_Data provided_
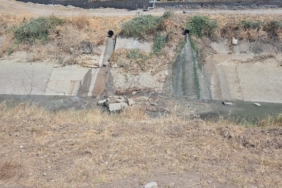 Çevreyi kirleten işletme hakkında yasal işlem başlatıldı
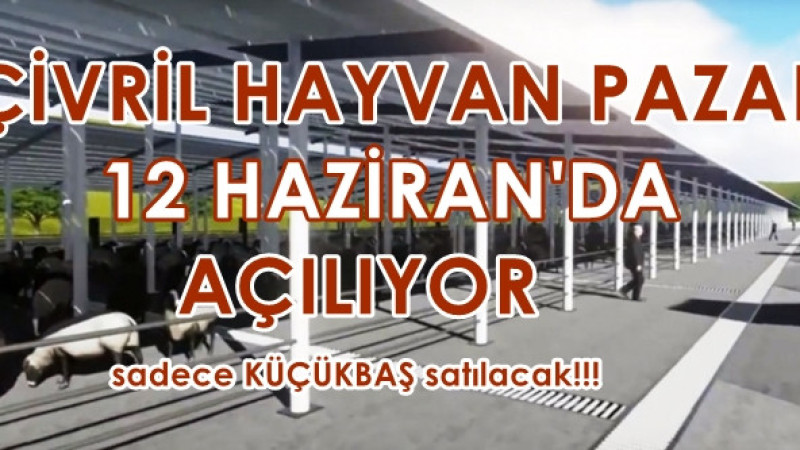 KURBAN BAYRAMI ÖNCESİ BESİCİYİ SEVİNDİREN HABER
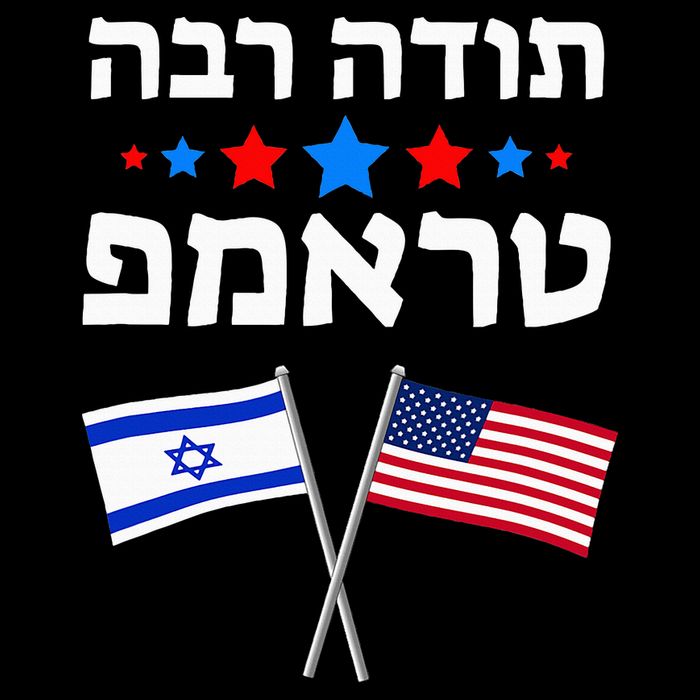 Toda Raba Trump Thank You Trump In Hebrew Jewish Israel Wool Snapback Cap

--

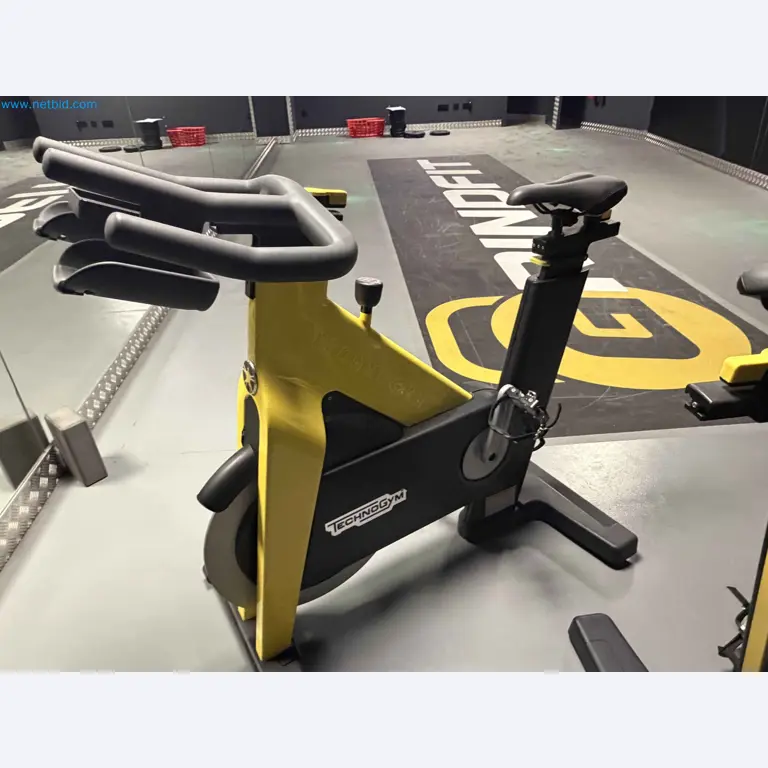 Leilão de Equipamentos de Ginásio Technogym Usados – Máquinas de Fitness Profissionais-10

_Exercise brief_
Find where the line with "KURBAN BAYRAMI ÖNCESİ" sits in the material above and where the line with "Toda Raba Trump" sits. Set down exactly the lines from the first to the second, both included and nothing else, without pictures.

_Expected answer_
 KURBAN BAYRAMI ÖNCESİ BESİCİYİ SEVİNDİREN HABER
 Toda Raba Trump Thank You Trump In Hebrew Jewish Israel Wool Snapback Cap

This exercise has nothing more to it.